Baseload electric generating capacity is exciting… wait, no … baseload capacity is exiting areas served by regional wholesale power markets, and the owners of these assets and some state policymakers are anxious to solve what they imagine to be a problem.

Utility Dive has a good story on the topic, “Re-regulation on the horizon? State plant subsidies point to looming ‘crisis’ in organized power markets,” that centers around a thoughtful paper by Ray Gifford and Matthew Larsen examining the topic.

The Utility Dive story highlights efforts in Ohio, New York, and other states to offer “around market” subsidies to utility generators poised to retire, and the pushback from independent power producers and the Federal Energy Regulatory Commission in defense of competitive wholesale markets. State policymakers are coming down on both sides of the issue, some favoring utilities and others not convinced ratepayers should be put on the hook to protect profits at specific power plants. Some utility interests claim the trouble is reason to extinguish competition at both wholesale and retail levels and return to a fully regulated system.

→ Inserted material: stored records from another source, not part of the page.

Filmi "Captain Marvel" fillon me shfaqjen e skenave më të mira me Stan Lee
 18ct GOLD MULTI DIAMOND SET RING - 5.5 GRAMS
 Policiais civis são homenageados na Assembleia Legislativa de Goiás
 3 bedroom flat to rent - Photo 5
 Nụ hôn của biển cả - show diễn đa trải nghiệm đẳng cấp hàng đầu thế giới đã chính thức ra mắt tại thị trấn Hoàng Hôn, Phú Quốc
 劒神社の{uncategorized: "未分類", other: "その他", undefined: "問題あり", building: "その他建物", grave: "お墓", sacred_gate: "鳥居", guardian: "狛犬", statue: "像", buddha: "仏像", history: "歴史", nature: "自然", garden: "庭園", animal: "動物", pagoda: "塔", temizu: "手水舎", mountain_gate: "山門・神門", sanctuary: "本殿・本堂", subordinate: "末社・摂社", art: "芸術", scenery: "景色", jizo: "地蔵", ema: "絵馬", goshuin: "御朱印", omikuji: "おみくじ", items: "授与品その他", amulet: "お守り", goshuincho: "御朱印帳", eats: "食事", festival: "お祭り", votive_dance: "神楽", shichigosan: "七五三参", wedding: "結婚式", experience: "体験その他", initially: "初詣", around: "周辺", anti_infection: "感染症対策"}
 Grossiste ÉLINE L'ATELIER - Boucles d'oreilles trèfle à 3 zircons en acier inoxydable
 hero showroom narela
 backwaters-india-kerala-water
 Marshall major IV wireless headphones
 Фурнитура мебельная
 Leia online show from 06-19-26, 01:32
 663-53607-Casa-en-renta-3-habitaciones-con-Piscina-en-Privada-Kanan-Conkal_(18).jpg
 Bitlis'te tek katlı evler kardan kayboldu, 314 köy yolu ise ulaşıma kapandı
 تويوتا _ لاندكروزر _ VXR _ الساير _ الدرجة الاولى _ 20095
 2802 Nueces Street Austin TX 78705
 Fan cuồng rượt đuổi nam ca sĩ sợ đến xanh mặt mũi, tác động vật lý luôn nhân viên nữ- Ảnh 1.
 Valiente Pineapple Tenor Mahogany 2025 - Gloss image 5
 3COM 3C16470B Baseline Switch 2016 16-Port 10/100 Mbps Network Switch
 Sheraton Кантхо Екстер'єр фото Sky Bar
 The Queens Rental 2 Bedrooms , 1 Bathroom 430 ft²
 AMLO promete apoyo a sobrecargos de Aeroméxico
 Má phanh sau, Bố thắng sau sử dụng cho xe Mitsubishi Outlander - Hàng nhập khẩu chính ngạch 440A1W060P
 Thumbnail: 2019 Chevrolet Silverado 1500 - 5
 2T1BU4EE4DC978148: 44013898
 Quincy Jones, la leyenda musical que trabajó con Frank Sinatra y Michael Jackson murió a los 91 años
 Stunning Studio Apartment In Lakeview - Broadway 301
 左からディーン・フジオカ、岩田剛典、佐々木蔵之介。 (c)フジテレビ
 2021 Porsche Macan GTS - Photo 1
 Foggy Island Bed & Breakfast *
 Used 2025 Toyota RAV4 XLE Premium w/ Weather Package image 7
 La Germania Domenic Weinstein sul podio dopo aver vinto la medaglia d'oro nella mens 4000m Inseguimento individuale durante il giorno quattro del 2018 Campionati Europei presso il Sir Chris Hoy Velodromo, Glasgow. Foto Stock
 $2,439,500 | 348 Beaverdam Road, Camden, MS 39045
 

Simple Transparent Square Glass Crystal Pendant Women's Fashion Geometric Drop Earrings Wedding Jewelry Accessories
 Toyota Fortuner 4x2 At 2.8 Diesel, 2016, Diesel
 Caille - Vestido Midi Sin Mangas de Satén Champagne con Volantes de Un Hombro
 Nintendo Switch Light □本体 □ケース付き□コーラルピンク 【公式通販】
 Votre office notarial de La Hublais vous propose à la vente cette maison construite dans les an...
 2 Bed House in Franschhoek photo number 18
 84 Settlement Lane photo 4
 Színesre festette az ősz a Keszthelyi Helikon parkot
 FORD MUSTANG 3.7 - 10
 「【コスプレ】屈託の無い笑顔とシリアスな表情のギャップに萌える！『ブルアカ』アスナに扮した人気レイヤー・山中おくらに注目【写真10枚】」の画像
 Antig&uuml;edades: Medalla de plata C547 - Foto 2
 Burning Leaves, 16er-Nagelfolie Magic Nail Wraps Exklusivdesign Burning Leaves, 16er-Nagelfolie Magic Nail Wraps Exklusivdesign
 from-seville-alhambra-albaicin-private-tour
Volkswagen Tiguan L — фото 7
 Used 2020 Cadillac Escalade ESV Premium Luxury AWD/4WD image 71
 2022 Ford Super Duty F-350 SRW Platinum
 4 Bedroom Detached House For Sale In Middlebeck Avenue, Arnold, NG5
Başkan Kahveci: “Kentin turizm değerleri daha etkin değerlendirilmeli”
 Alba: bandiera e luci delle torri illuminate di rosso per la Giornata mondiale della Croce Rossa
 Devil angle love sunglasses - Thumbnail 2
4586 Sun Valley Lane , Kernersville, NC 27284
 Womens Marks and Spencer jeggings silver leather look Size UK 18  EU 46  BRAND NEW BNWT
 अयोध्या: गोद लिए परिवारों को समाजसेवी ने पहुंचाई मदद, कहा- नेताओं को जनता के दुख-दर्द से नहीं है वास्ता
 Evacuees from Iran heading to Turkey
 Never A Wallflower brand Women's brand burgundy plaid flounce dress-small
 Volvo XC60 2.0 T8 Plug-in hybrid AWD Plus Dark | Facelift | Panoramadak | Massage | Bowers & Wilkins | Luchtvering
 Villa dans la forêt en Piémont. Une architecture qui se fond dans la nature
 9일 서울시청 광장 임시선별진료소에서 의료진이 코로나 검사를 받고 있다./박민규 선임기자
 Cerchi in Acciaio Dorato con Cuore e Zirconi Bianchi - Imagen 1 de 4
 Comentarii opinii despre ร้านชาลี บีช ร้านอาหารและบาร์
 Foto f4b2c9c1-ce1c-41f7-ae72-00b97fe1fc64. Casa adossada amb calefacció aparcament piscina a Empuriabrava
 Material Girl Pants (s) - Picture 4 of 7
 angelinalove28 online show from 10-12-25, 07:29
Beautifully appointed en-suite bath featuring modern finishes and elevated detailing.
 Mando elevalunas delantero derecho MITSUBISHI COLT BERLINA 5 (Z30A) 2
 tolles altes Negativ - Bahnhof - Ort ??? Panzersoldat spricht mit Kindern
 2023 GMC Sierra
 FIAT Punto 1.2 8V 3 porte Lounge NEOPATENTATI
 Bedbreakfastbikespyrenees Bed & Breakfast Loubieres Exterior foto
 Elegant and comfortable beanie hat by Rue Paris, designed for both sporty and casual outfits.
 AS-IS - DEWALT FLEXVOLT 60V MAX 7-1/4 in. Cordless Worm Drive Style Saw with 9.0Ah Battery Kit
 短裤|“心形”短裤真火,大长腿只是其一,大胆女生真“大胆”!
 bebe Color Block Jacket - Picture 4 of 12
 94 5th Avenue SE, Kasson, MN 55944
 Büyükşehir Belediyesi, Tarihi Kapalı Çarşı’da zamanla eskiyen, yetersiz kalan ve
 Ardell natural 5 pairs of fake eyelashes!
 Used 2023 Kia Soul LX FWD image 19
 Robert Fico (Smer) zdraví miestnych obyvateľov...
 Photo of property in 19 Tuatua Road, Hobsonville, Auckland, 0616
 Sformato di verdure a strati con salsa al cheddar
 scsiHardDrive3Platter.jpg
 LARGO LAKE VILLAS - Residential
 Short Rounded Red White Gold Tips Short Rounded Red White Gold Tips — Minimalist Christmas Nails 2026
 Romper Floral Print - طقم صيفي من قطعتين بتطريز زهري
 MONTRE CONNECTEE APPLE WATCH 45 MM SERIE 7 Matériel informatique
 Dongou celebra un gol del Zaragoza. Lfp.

Some excerpts from the Utility Dive article:

The widespread retirement of baseload generation presents a number of challenges, from the loss of carbon-free nuclear plants to potential generation shortfalls. And while motivations vary, Gifford says the spread of state efforts to stem the tide of retirements shows that many policymakers are increasingly dissatisfied with the design of organized markets across the nation.

Without concerted action to alter market constructs, Gifford is concerned some states will turn back to a vertically-integrated utility model — putting the entire organized market experiment at risk.

“When you have plausible and it seems to me serious talk in Ohio about reintegration, that puts these markets in crisis,” he told Utility Dive. “It seems to me markets are generally in much more crisis than anybody thinks right now.”

Widespread problems.

In PJM, MISO, ERCOT, NYISO and ISO-NE, aging coal and nuclear plants have been unable to recover their fixed costs and are increasingly going offline as a result. The retirements have been occurring at such a “disquieting frequency” that a full inventory is infeasible, the authors write, but recent figures back up the trend.

All told, more than 50 GW of coal generation are scheduled to retire between 2012 and 2020, according to SNL, while nuclear plants in Illinois, New York, California, Massachusetts and elsewhere are the subject of high-profile discussions over potential retirement and replacement capacity.

A number of factors contribute to the trend, including low gas prices and an influx of cheap renewable energy that can sometimes push power prices into negative territory, Gifford and Larson wrote. But the former Colorado PUC chair believes there’s a deeper issue at play as well.

“The problem with these markets — and maybe it’s not a problem, but a feature — is they clear at the marginal cost of production,” he said. “Well, at the marginal cost of production, you’re not covering your fixed costs.”

In theory, capacity market payments should help generators cover those fixed costs and keep capacity online. But low demand growth and cheap gas have kept capacity prices down in markets like PJM and ISO-NE, and some regions like ERCOT lack capacity markets altogether.


“I think the reintegration question is, who’s going to go first?” Larson said. “[Ohio] went first on the around market piece, so it kind of makes sense that they would be at that question first.”

Both he and Gifford fear a domino effect — that if one state re-regulates, others will follow, potentially unraveling entire organized market constructs. In the face of such widespread dissatisfaction with the markets, Gifford said the onus is on FERC and other federal policymakers to devise comprehensive fixes.

“If they want to preserve their market structure, they need to start coming up with answers for what states perceive as real policy deficiencies in these markets,” Gifford said. “I don’t mean to cast dispersions on FERC, and I’m not sure what they’d do, but their market experiment is in jeopardy, and the states, which still have a lot of power, some of them look poised to reject it.”

But if the need for a solution is clear, the details of one are less so.(SoOf course “the need for a solution” is not clear, in part because the problem is not well specified. If the problem is low cost electric power arising from cheap natural gas and efficient new generating capacity, that is a problem consumers do not want regulators to solve.

The real problem may be that owners of failing investments think they can use state regulations to reach into ratepayer pocketbooks for some extra cash.

At its core, Gifford said the problems with organized markets today can all be traced back to the fact that we “can’t resist the temptation to screw with the price system.” More than in other industries, policymakers and the public have a vested interest in the outcomes of organized electricity markets — whether related to power reliability, climate change or other externalities.

“We want markets, but we want to preordain the outcomes of these markets, and that’s not what a market is about,” Gifford said.

Baseload electric power capacity is exciting … if you happen to be a regulatory economics geek interested in the electric power industry. Questions, puzzles, and challenges abound.

Now is the time for all good economists to come to the aid of peaceful cooperation through markets.